From
Workers World October 10, 2002
PENTAGON IN ON THE TAKE? AFGHAN OPIUM PRODUCTION SOARSBy Deirdre Griswold
If anyone still needs proof that the "war on drugs" is a monumental fraud and red herring, here it is:
According to the BBC-TV World News of Sept. 26, the amount of opium produced in Afghanistan has increased by 14 times since the U.S. military overthrew the Taliban and occupied the country.
The news report warned: "A huge increase in Afghan opium production has raised fears of a new influx of heroin into European cities. Latest estimates suggest that poppy cultivation has increased by up to 1,400 percent since the removal of the Taliban regime at the end of last year."
The estimate comes from the British organization Drugscope, which presented its findings to an international conference in Paris.
Last year, because of a ban on opium production imposed by the Taliban, just 85 tons were produced. This year, the figure is expected to be between 1,900 and 2,700 tons.

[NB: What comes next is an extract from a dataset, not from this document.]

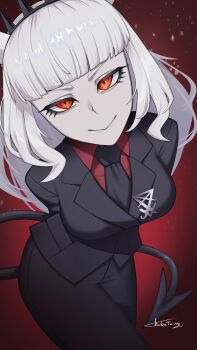 1girl absurdres arms_behind_head black_tail breasts business_suit chabaart crest demon_girl demon_horns demon_tail formal_clothes helltaker highres horns large_breasts long_hair looking_at_viewer lucifer_(helltaker) mole mole_under_eye necktie red_background red_eyes red_shirt shirt signature smile solo suit tail white_hair white_horns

The report stresses that Afghan farmers are in desperate shape and need some other source of income if opium production is banned. Opium earns 10 times as much per acre as other crops. About 90 percent of the heroin sold in Britain originates in Afghanistan.
The phony war on drugs is being used right now by the U.S. government as an excuse to carry out the anti-guerrilla war in Colombia. The FARC-EP has been fighting for basic social change in that country for over three decades--including an agrarian reform program so that poor farmers don't have to turn to producing coca to make a living.
The situation in Afghanistan raises the question, how many U.S. military commanders are in on the take? They were in on the action in South Vietnam when drugs became a big export product there during the U.S. occupation and war.
The wife of the U.S. officer in charge of the whole "war on drugs" in Colombia pleaded guilty in a Brooklyn federal court in May 2000 after evidence was presented that she shipped $700,000 worth of cocaine to the U.S. from Bogota through the U.S. Embassy's diplomatic pouch. Col. James Hiett himself was later convicted of "misprision"--accepting $25,000 of the drug money from her in cash and using it to pay their bills.
The whole affair got hardly any notice from the corporate media--which shows that their editorial policy is driven first and foremost by politics, not sensationalism.